Thought I would provide another update to my case:
I have seen my rheumy and he filled out the fibro specific assessment my atty sent. And he agrees I am disabled and may never improve but actually get worse. I was trying to work some, around 20 hrs a month doing merchandising. All I had to do was take care of 3 DVD displays in local grocery stores and the heaviest lifting involved was DVDs. And I went to some dollar stores to check TracPhon displays and count the # of phones and brochures on hand. Well I am effectively unemployed now. I missed an assignment because of my fibro and the company I was working under has locked me out of the system. I have emailed to try to find out why because I did contact them and let them know the job would be done late because I was unable to get out of bed. They locked me out on the 7th and still have not responded to my email. So when I called my atty office I told them about the company terminating my contact. I still have 2 companies I contract for but with 1 I have only done 2 hrs this year (mostly Xmas season work) and the other I have not done anything but I have 4 jobs @$10 each just waiting for my paperwork to arrive.
My family issue is no better but I have started seeing a counselor. I'm going next week to fill out a release @ the atty office for the counselor records. I will be seeing the counselor again in 2 weeks and then we will decide if I need weekly or just every other week visits. My husband has changed his schedule so he can be home to help me more. My vertigo has gotten worse lately and I can't pinpoint why so that's driving me nuts. When I had my annual physical, the dr didn't see any reason for increased vertigo as far as inner ear stuff. And she has added cholesterol meds to my list. My hubby jokes I am turning into a walking pharmacy.

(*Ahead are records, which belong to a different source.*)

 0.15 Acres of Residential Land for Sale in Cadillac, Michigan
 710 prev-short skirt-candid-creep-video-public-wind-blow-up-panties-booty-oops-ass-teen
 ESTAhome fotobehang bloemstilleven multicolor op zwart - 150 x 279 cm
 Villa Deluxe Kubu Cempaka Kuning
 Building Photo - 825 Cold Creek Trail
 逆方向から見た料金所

What really makes me feel bad about being disabled, (especially the depression) is something my counselor told me. After I told her everything that has gone on since I was a teen (when depression started), she told hubby & I that I have more to be depressed over than anyone else she has ever treated. And she has been in business for over a decade. I told my hubby "that's just my luck, I finally find something I'm good at and it's being depressed"

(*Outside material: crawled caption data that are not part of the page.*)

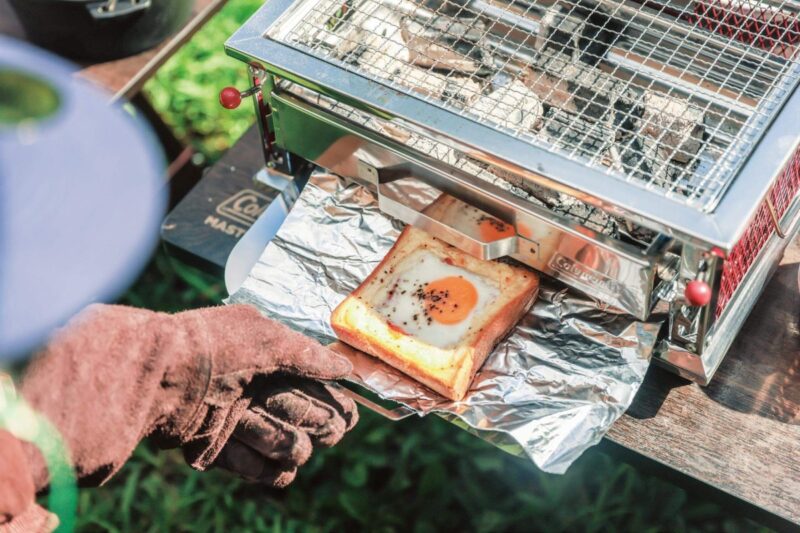 【コールマンの感動ギア】「BBQオン・ザ・テーブル！」新作グリルを使った“座ったままキャンプ飯”が超楽しい！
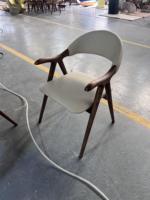 Chaise de salle à manger moderne en bois massif, durable, avec panneau en bois et revêtement en cuir, personnalisable, élégante pour la maison, l'hôtel, l'appartement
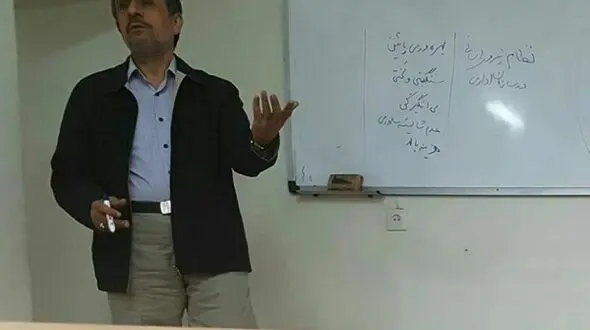 محمود احمدی نژاد در حال تدریس در دانشگاه + عکس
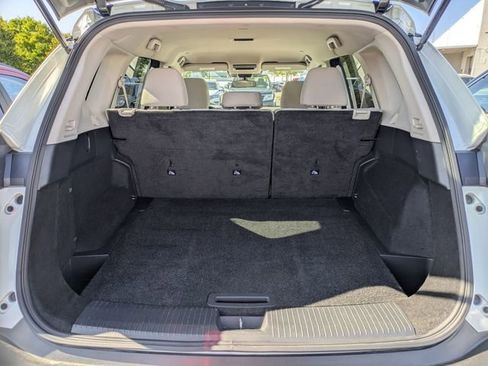 Certified 2023 Nissan Rogue SV FWD image 24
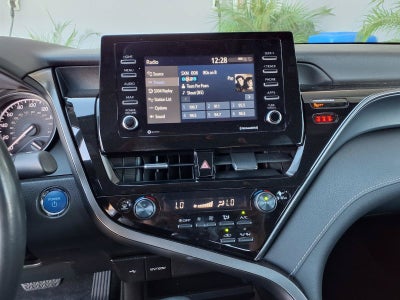 2022 Toyota Camry Hybrid SE
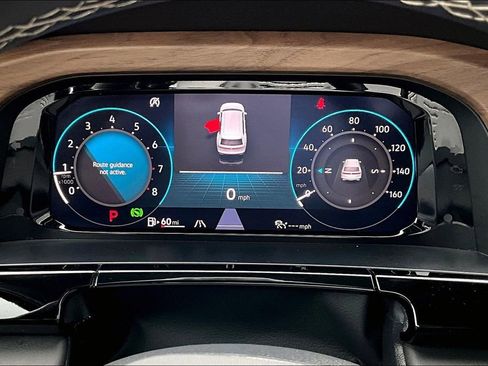 Used 2024 Volkswagen Atlas SE image 13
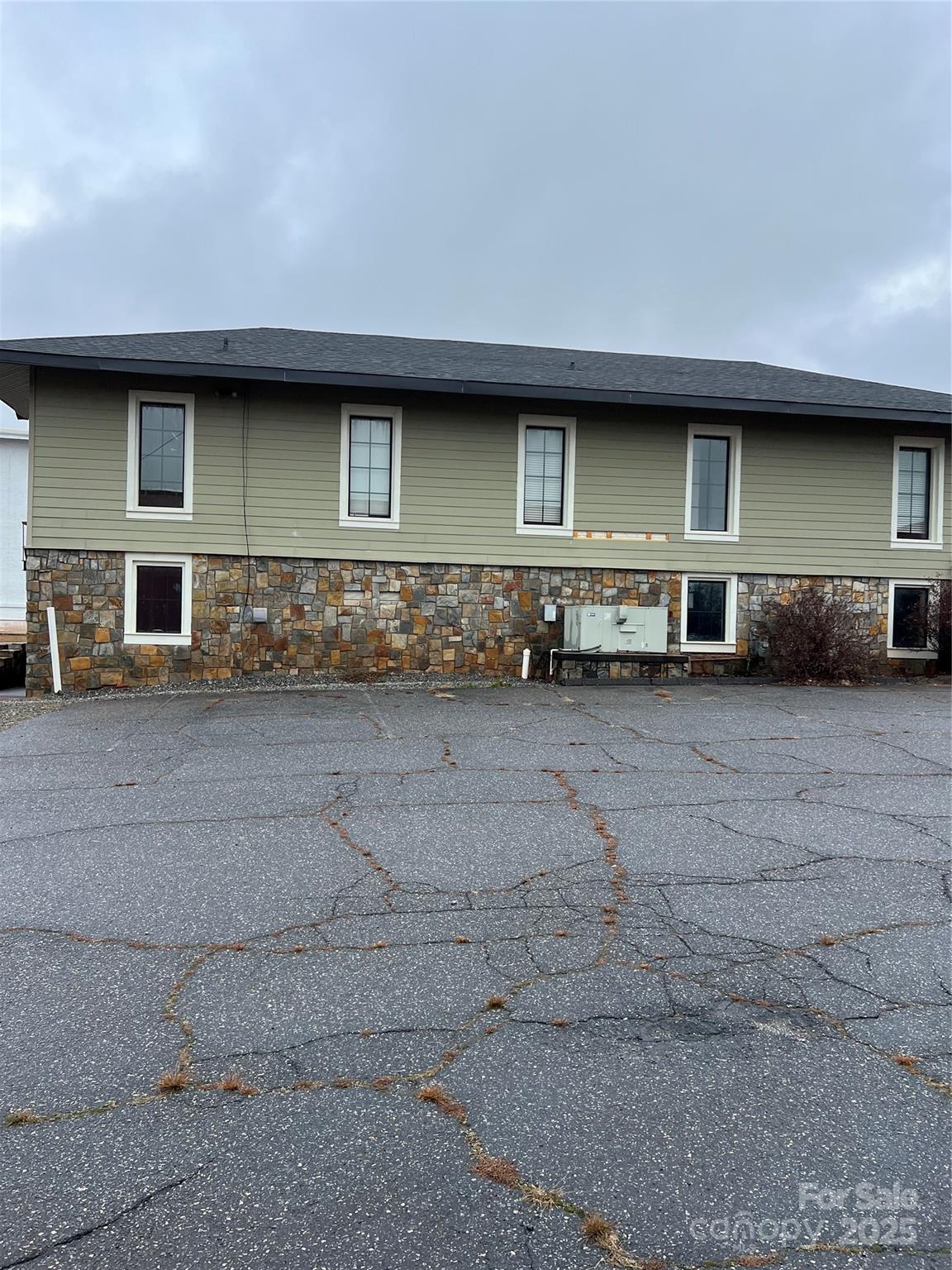 1 S Main Street Property Photo 3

. The counselor agreed w/ the assessment from the shrink my atty sent me to - I have major recurrent depression. My counselor doesn't prescribe meds herself, but refers patients to their PCP w/ recommendations. She prefers that because my PCP should know all the meds and OTC and supplements I am taking so it is easier for her to know which meds would interact bad w/ current meds.

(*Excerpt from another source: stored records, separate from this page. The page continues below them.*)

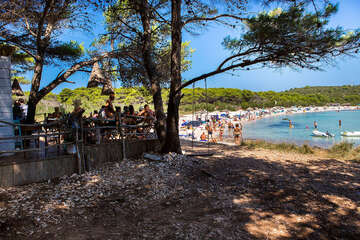 Bufet u písečné pláže Sakarun, ostrov Dugi Otok, Chorvatsko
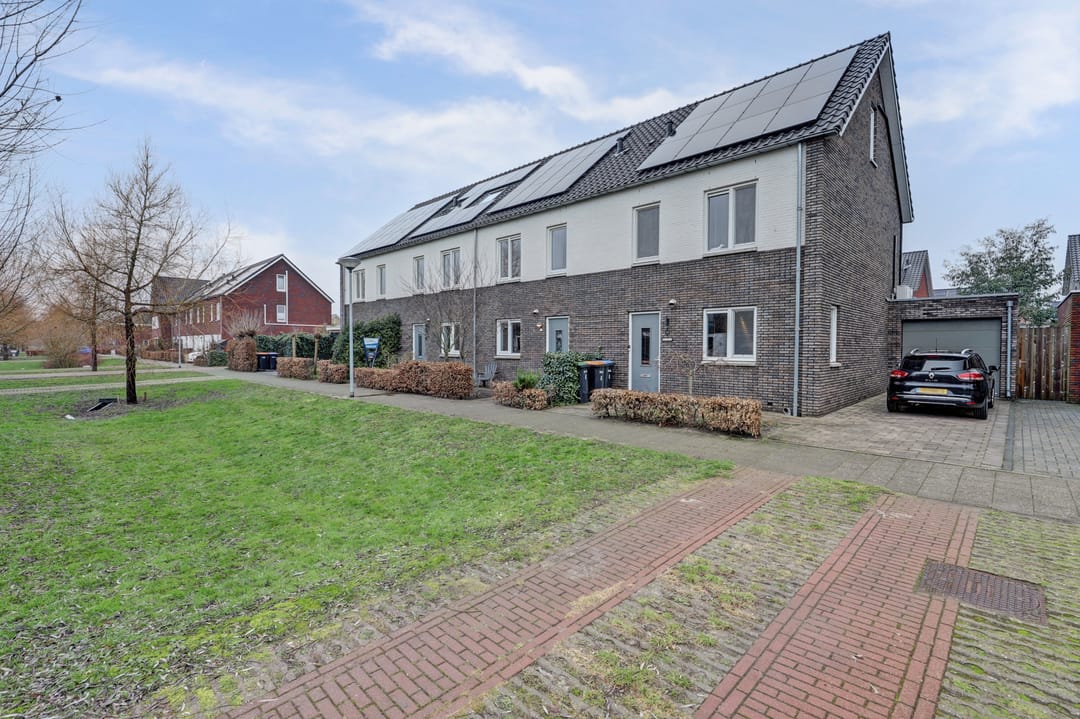 Photo 38 of De Vriendschap 8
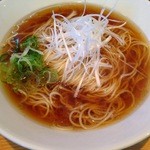 らーめん芝浜 - 朝らー定食の醤油らーめん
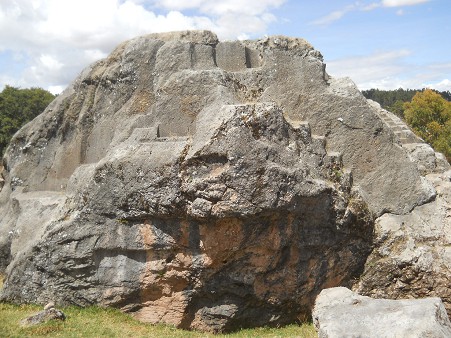 Detalles de la roca de escaleras y tronos "Chinchana grande", vista 3 con tronos grandes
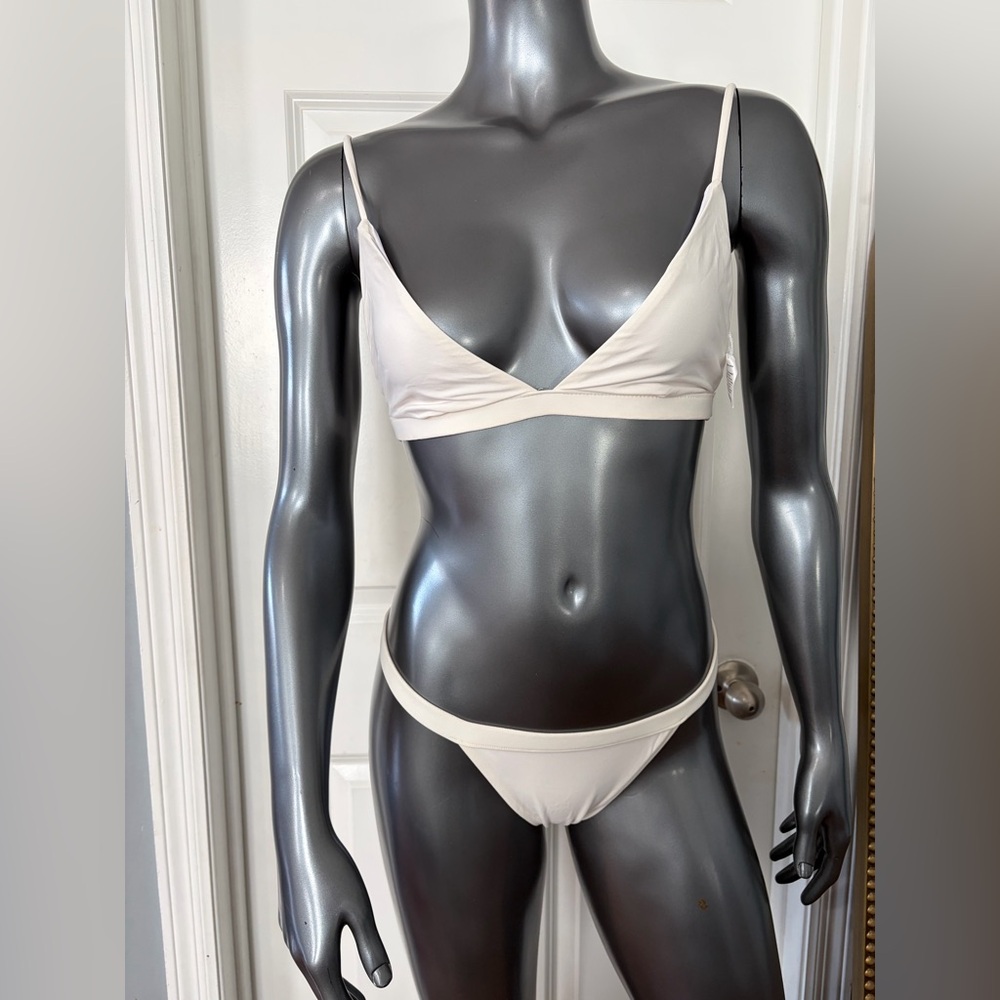 NWT VENUS Ivory Triangle Low Rise Bikini Set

So, as of right now, I am just waiting for my hearing. But my rheumy & PCP have said I'm disabled, the atty's shrink says I'm disabled and if I took a form to the counselor, I know she would agree I am disabled. And since the one company has terminated my contract with them, I see no way SS can say I am not disabled. Being terminated because I was unable to complete even those simple jobs as scheduled backs up how much the fibro interferes with my life and prevents working.